Still, American coach Daly is not known as the "prince of pessimism" for nothing. He is publicly worried that since games in the Olympics are eight minutes shorter than those in the N.B.A., his juggernaut might dawdle, fall behind and wait until it is too late to mount a rally. Hey, chill out, replies Jordan. "We have too much talent, and we'll turn it on whenever we have to." Daly frets that the three-point shooting line in international basketball is closer to the basket than in the N.B.A. and that the lane is wider, both tending to nullify the Americans' height advantage. However, after seeing how little difference these factors made in his team's 136-57 loss to the Yanks, Cuban coach Miguel Gomez seemed transported to a Zen mode. "One finger cannot cover the sun," he said.

But the dream that must give Daly the worst night sweats features a player like Butch Lee. Back in 1976, Lee was not invited to the U.S. Olympic basketball trials. Instead, he played for the team from his native Puerto Rico. Spurred by a desire for revenge over the slight he felt he had suffered at the hands of the U.S. selection committee, Lee whipsawed the Americans with the performance of his life. He scored 35 points and almost single-handedly took the highly favored U.S. team to within seconds of a humiliating loss.

In Daly's updated nightmare, the Butch Lee role is played by Lithuanian Sarunas Marciulionis, an N.B.A. star who plays for the Golden State Warriors. Daly sees Marciulionis sinking three-pointers like an automaton from 30 ft., with Lithuanian center Arvidas Sarbonis playing for one night like Bill Russell in his prime.

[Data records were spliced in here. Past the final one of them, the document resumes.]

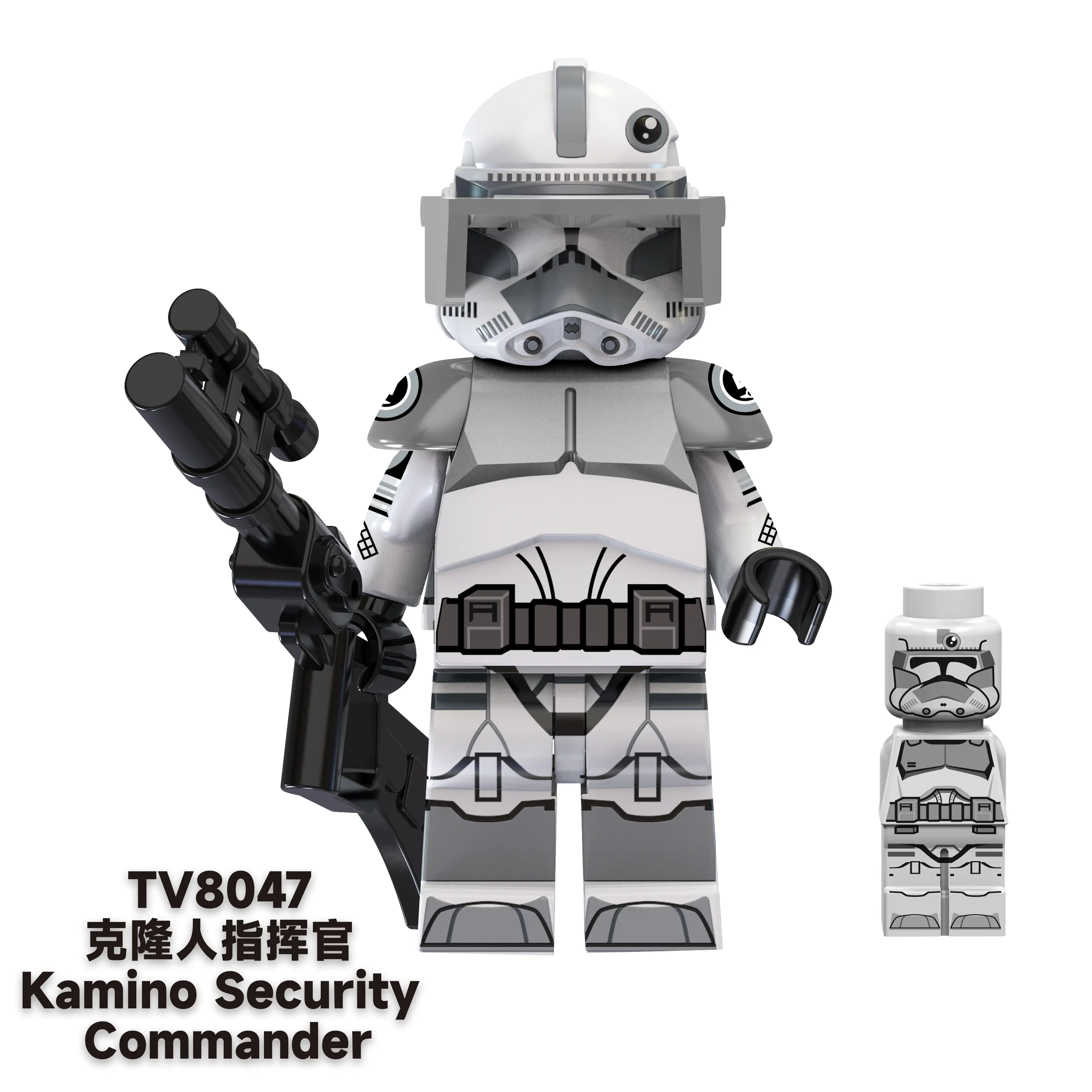 Clone Trooper (Kamino) TV TV8047 Minifigures-Minifigtoys.com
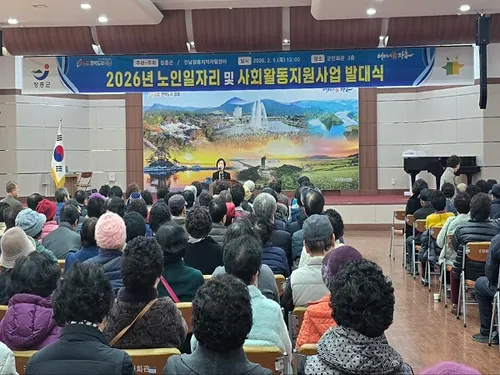 장흥지역자활센터, 294명 어르신과 함께하는 ‘노인 일자리 및 사회활동’ 사업 본격 시작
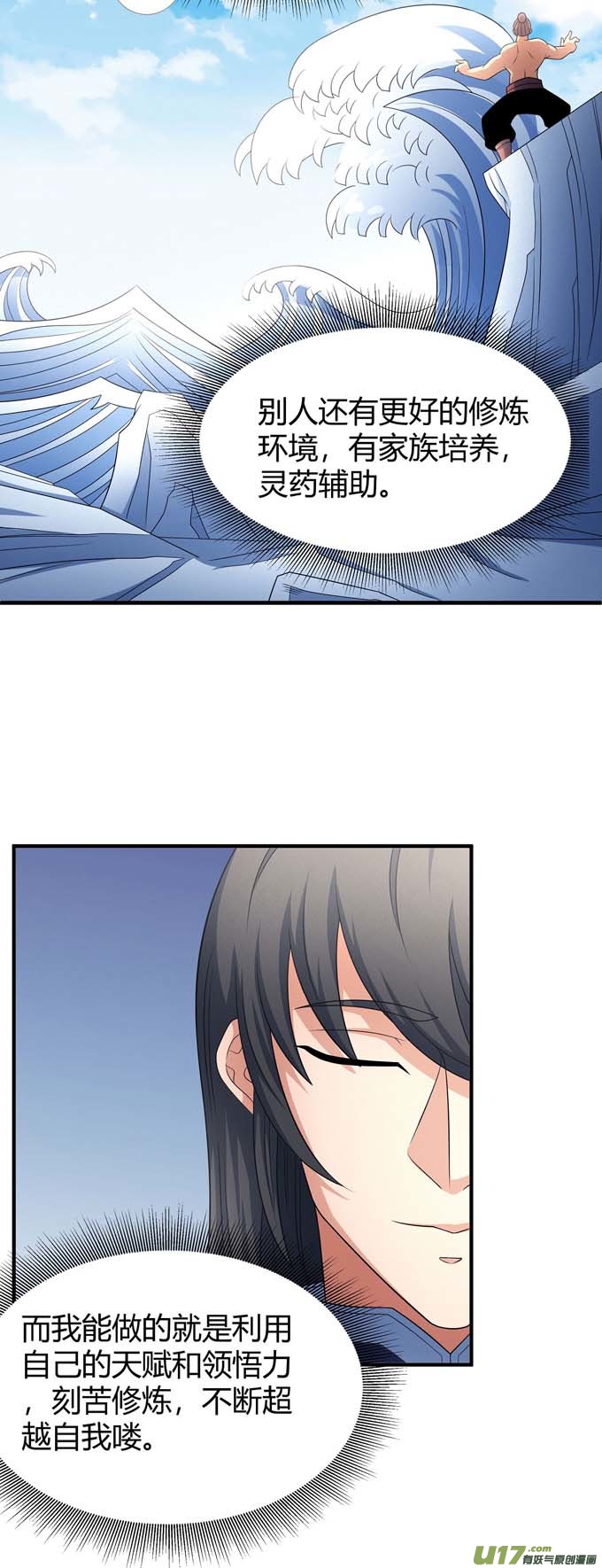 绝世武神黑莲之威（1）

Maybe. All sporting contests before they are played contain an element that Princeton basketball coach Pete Carril calls "glorious uncertainty." Anything can happen, as Carril's teams have proved season after remarkable season against superior opposition. But not this superior. "This is not a great team," says Carril. "This is the greatest team ever." Don Nelson, the + shrewd and artful coach of the Golden State Warriors, whose son Donn is helping to coach Marciulionis and the Lithuanians, agrees. "The once-in-a- lifetime game is not going to happen," he says. "The Dream Team will not allow any second shots. Even if the Americans play poorly, there shouldn't be a close game. They haven't even tried yet."

When they do, is a shutout conceivable? Now there's a fantasy for the Dream Team to ponder. Sleep on it, Michael. Just don't forget to set your alarm clock.